__Description of the task__:
Retype the lines below exactly, from the one that contains "Unguento per i piedi" through the last, and leave every picture out.

Captioned web image data:
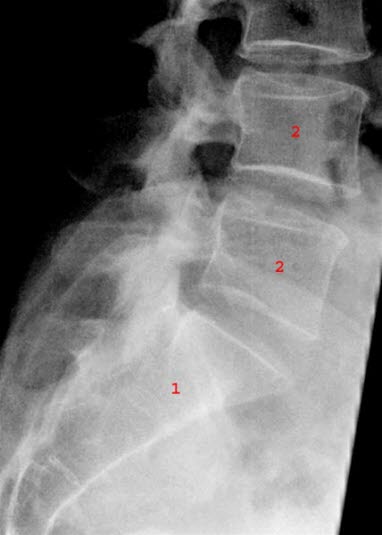 Halebeinet er nedre ende av ryggsøylen
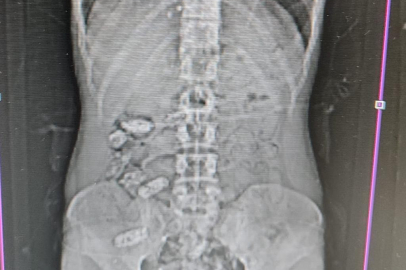Uyuşturucu kuryesinin midesinden 18 kapsül çıktı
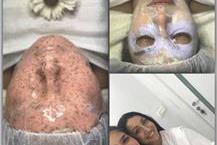 תמונה שצולמה להמחשת העבודות של סטלה סטייל קוסמטיקאיות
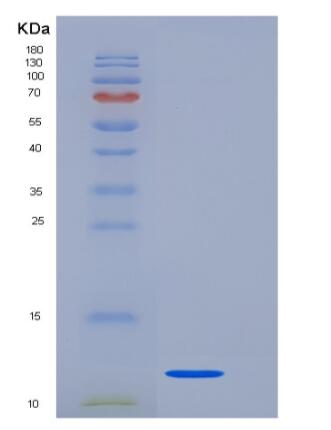 Recombinant Rat TGF beta 1 Protein,Recombinant Rat TGF beta 1 Protein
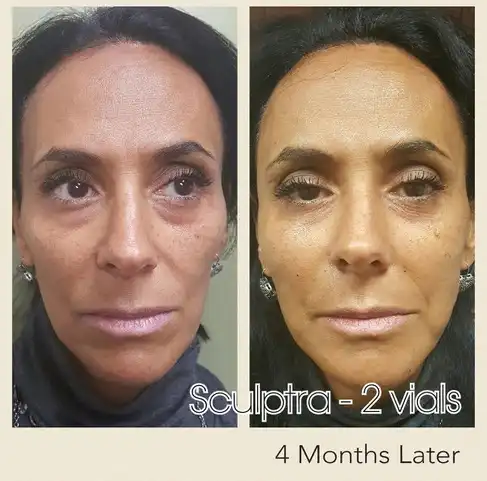 Sculptra 2 vials before and after 4 months Las Vegas — gradual collagen stimulation results at Las Vegas Aesthetics by Thomas Pulice PA-C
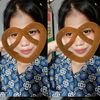 xxylasma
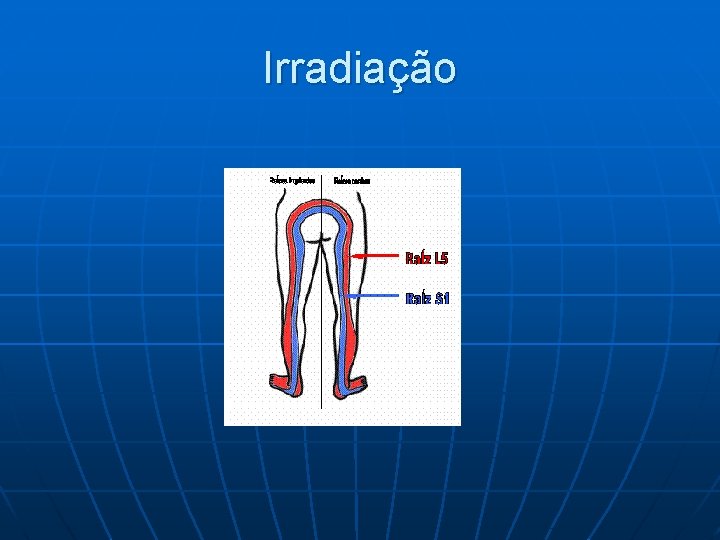 Irradiação 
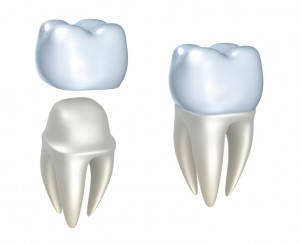 Your dentist for same day crowns in New York.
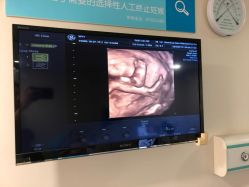 -杭州贝瑞斯美华妇儿医院·早孕·产检·儿科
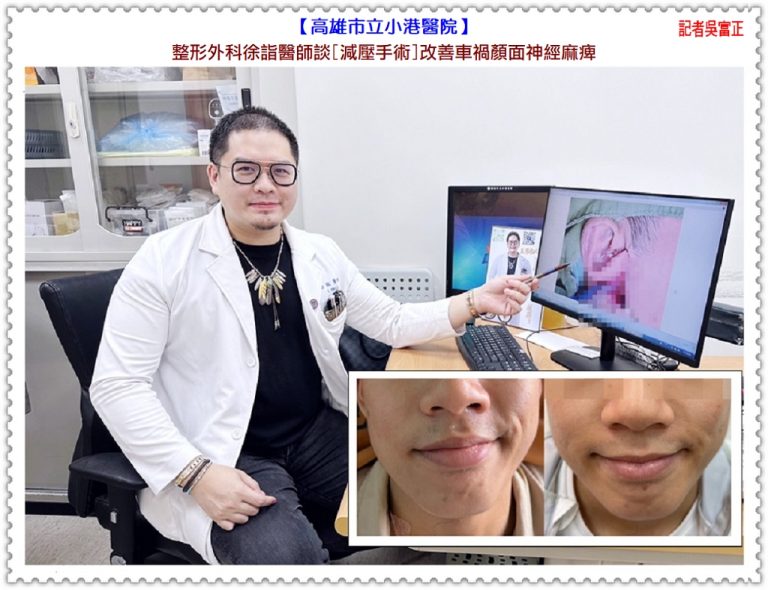 小港醫院整形外科徐詣醫師談減壓手術改善車禍顏面神經麻痺＠華夏新聞報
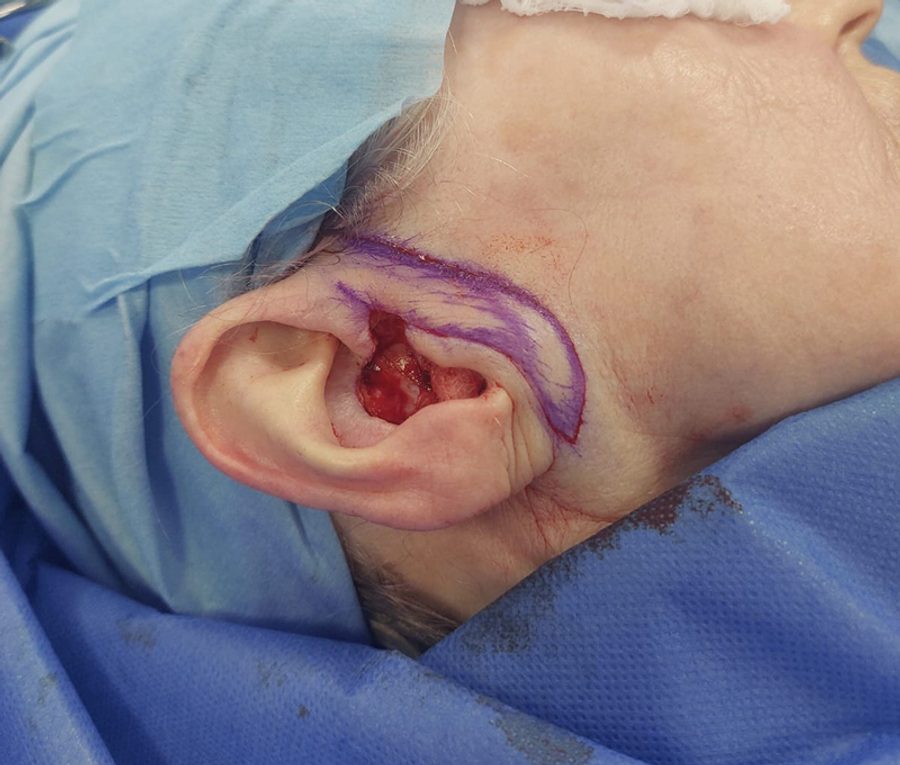 Skin tumour excision and reconstruction · Ear · Shown during surgery and after, before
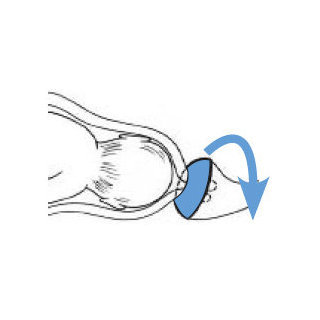 Positionnement du pessaire de cerclage pour les grossesses difficiles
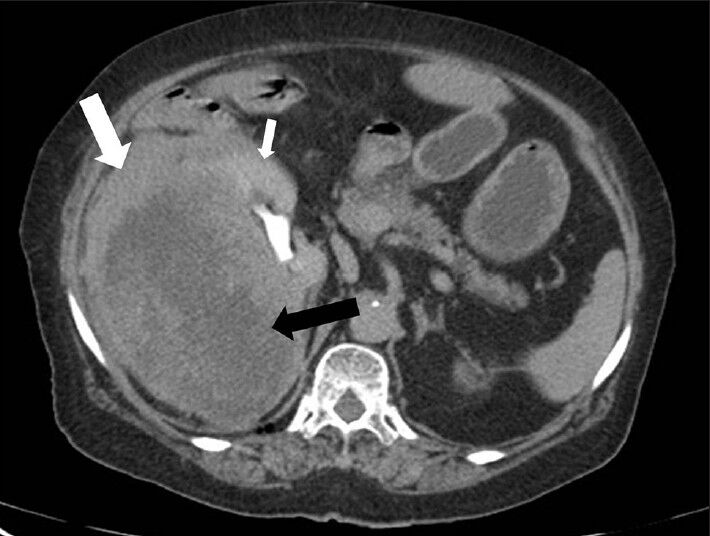 75-year-old female with a large abdominal mass diagnosed with primary renal fibrosarcoma. Contrast-enhanced computed tomography abdomen, Axial section in excretory phase reveals progressively increasing enhancement of renal parenchyma (small white arrow) and lesion (especially peripheral part) (white arrow). Central areas of lesion shows minimal contrast enhancement (black arrow).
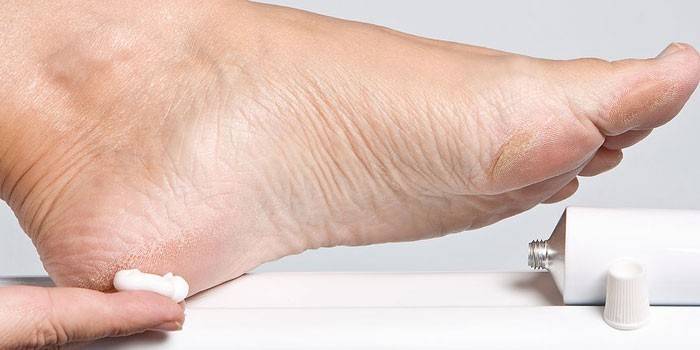 Unguento per i piedi
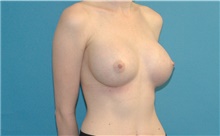 Breast Augmentation After Photo by Scott Sattler, MD,  FACS; Seattle, WA - Case 41863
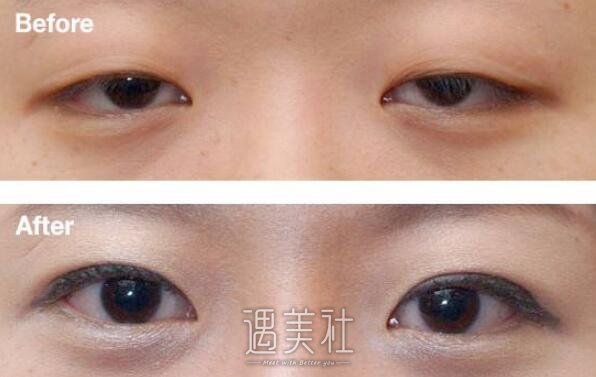 天津眼睑下垂手术大概需要多少钱，价格高低如何决定?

__Task response__:
 Unguento per i piedi
 Breast Augmentation After Photo by Scott Sattler, MD,  FACS; Seattle, WA - Case 41863
 天津眼睑下垂手术大概需要多少钱，价格高低如何决定?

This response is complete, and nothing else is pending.